## What is required
Although the data below contains pictures, output only the lines between those holding "A spacious living" and "An oversized, white", inclusive, exactly and without those pictures.

## Listed entries
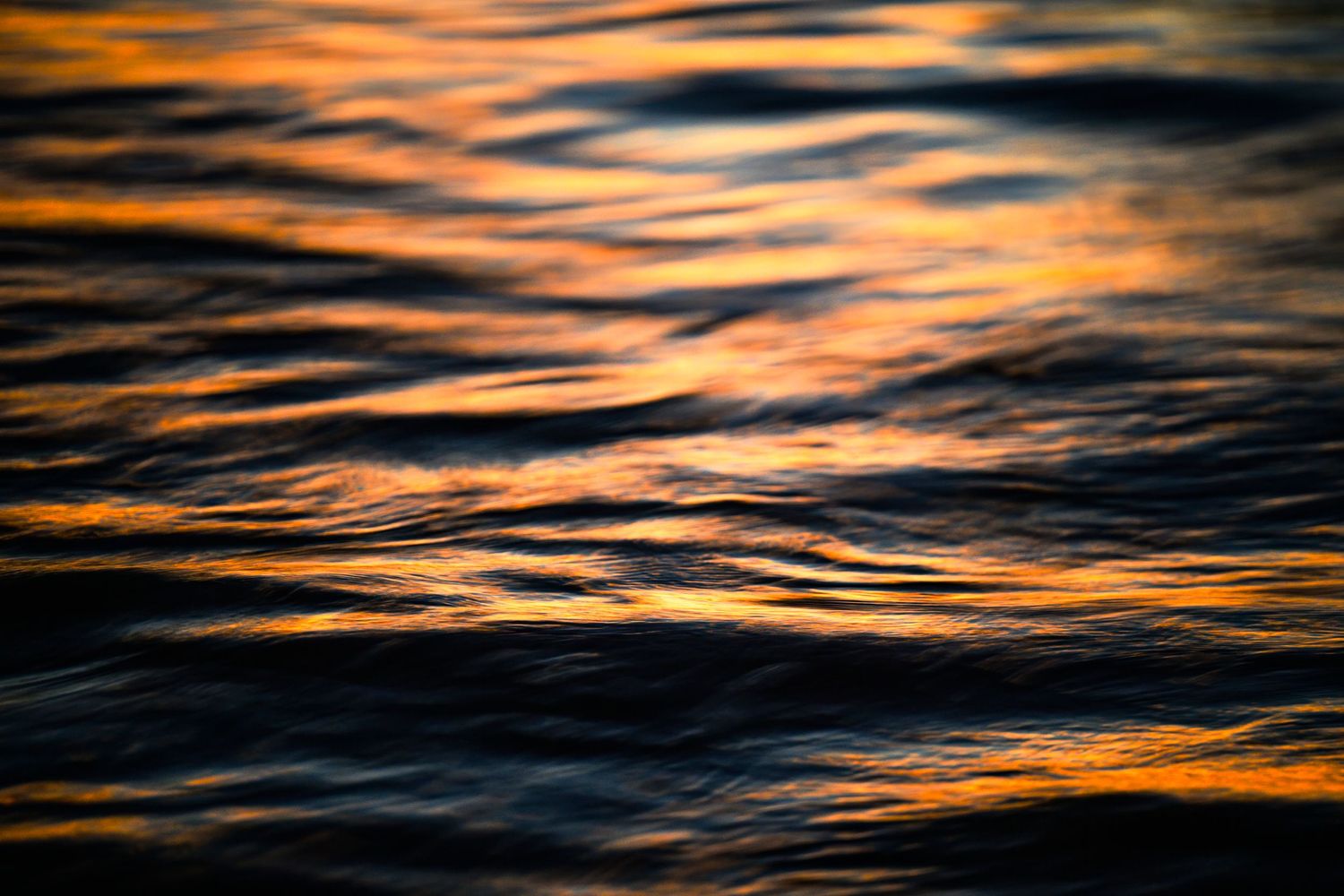 Golden sunset reflections shimmer on dark ocean water waves creating an abstract pattern of orange and black hues.
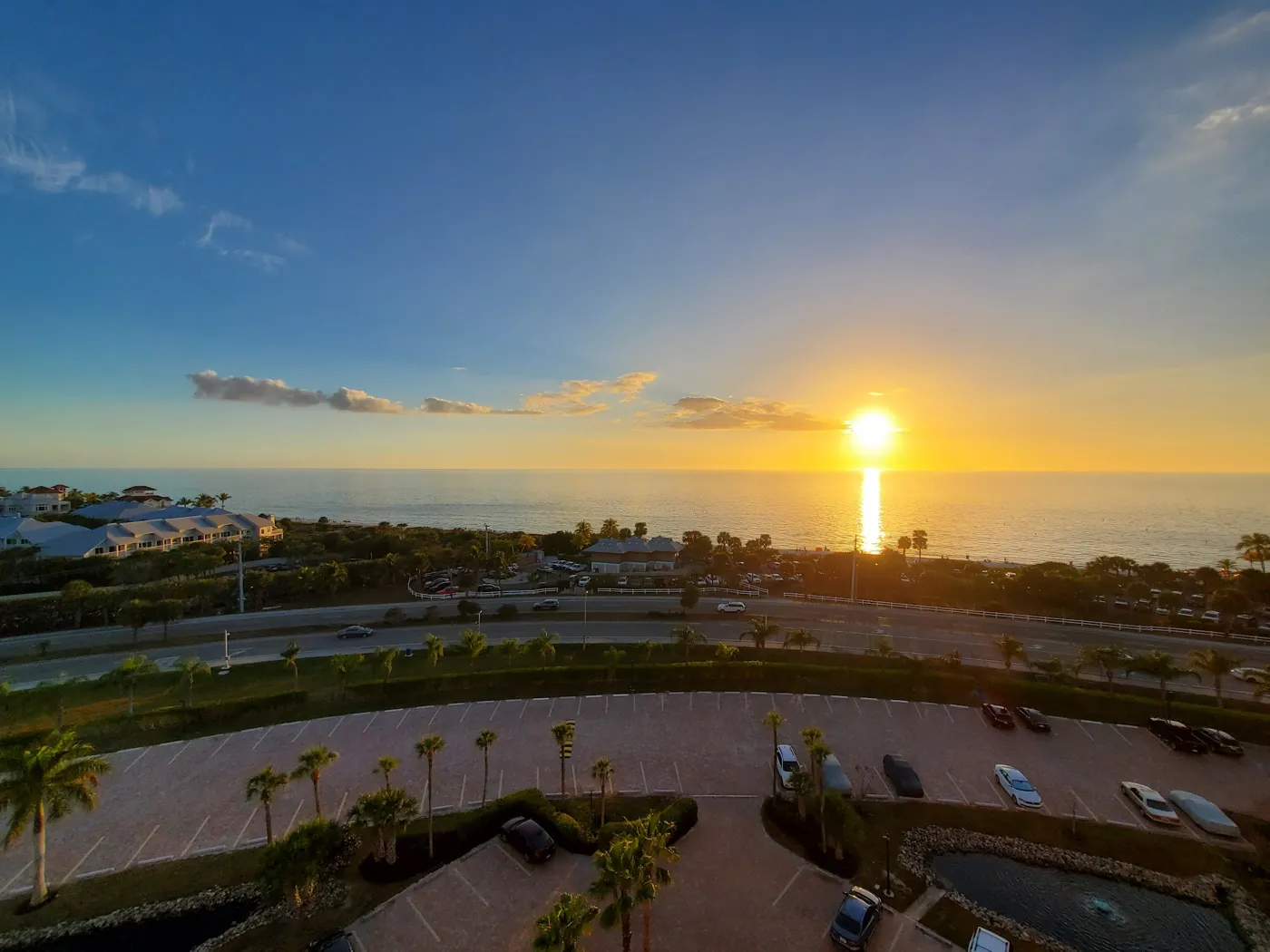 Gulf sunset view from a Bonita Springs luxury high rise condo with sweeping oceanfront panorama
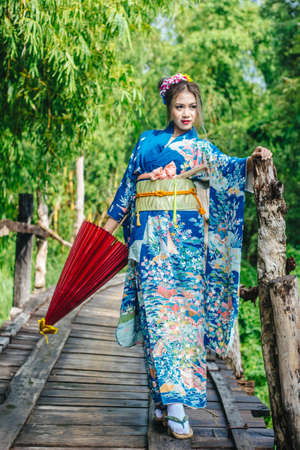 a portrait of japanese kimono woman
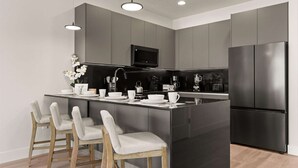 A modern kitchen with a central island, stainless steel appliances, and a minimalist design. - Upstay-luxury 3BR Home w Private Pool Games Room (Clermont)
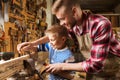 Father and son with rasp working at workshop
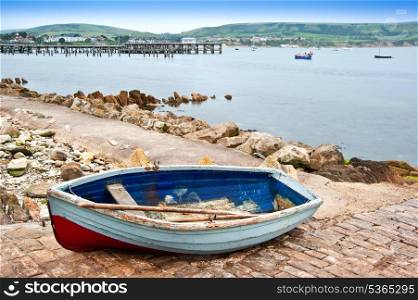 Rowing boat on slipway of old seaside town
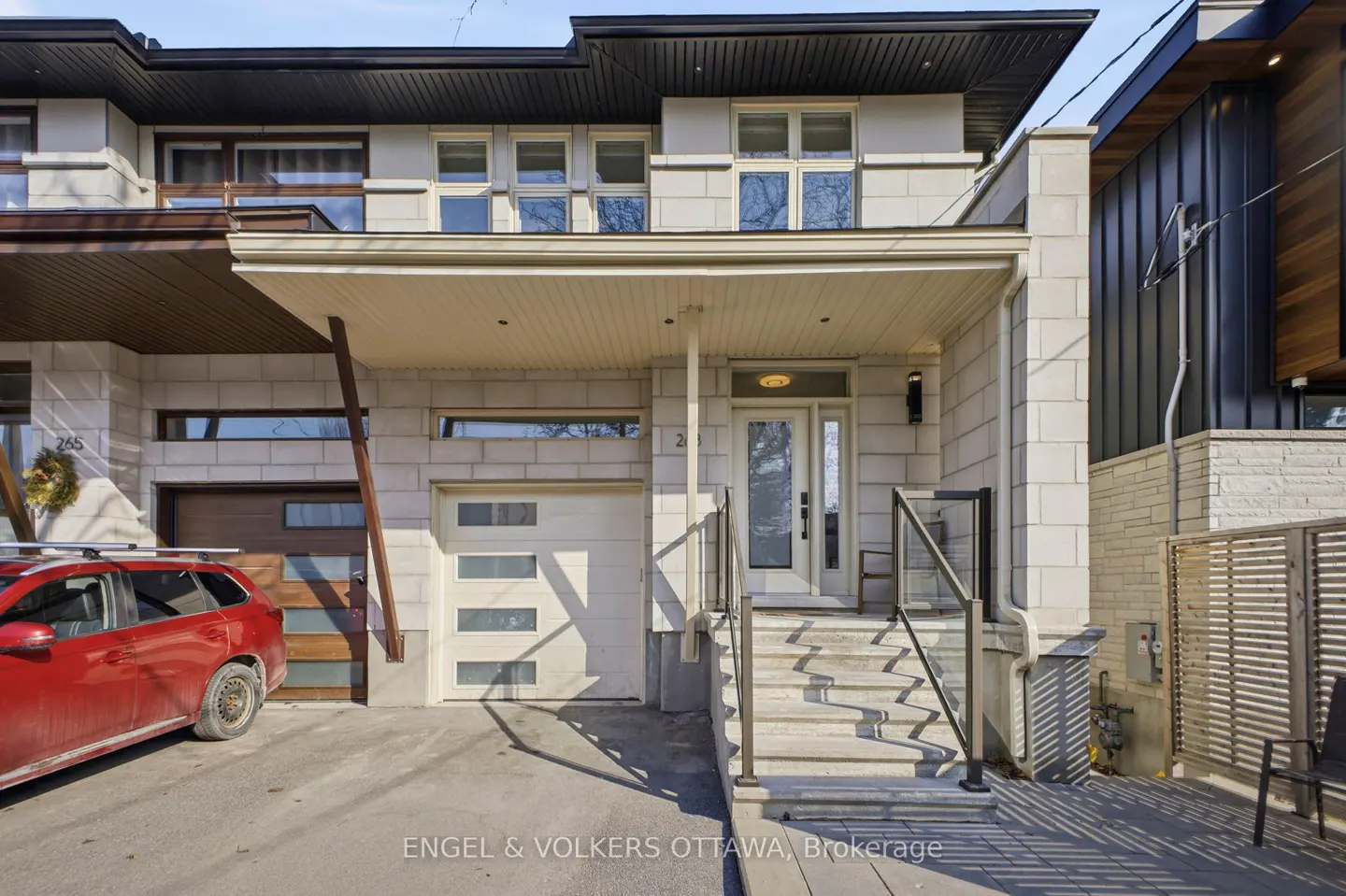 Exterior of a two-story stone house with a white door, garage, and a red car parked in the driveway.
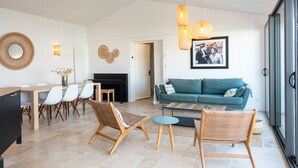 A spacious living room with a teal sofa, wicker chairs, a piano, and a dining area with white chairs and a wooden table. - Alma - Renovated villa with heated pool few blocks from the beach (LE BOIS PLAGE EN RE)
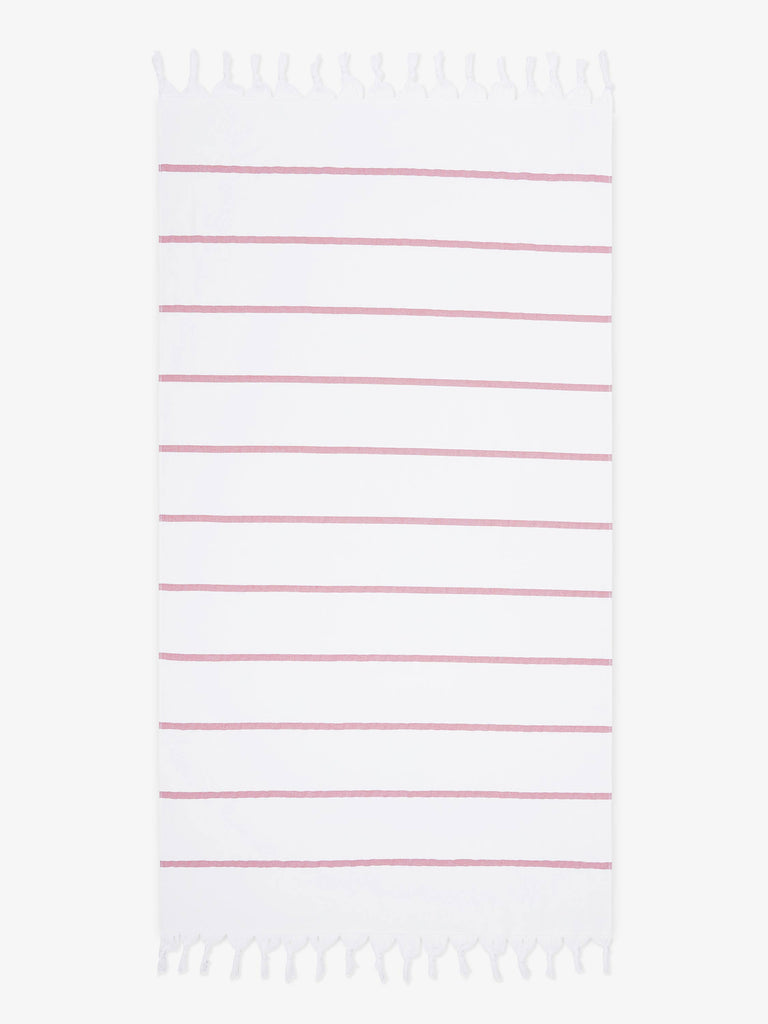 An oversized, white and pink striped Turkish cotton towel with white fringe laid out.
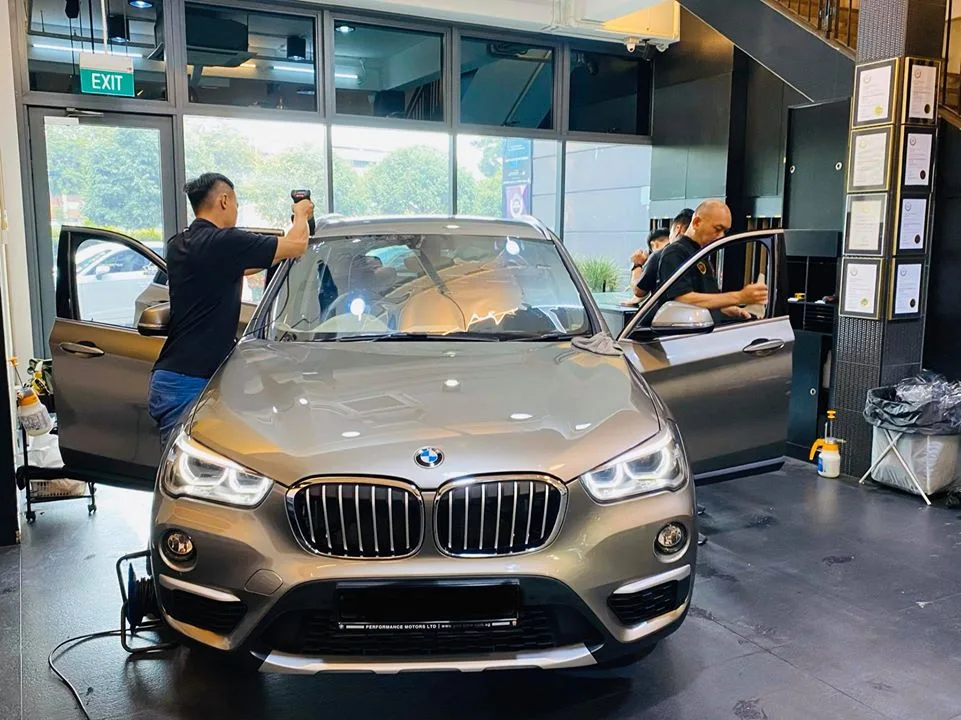 Bronze BMW X1 front view during window tinting at Infratint Singapore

## Your response
 A spacious living room with a teal sofa, wicker chairs, a piano, and a dining area with white chairs and a wooden table. - Alma - Renovated villa with heated pool few blocks from the beach (LE BOIS PLAGE EN RE)
 An oversized, white and pink striped Turkish cotton towel with white fringe laid out.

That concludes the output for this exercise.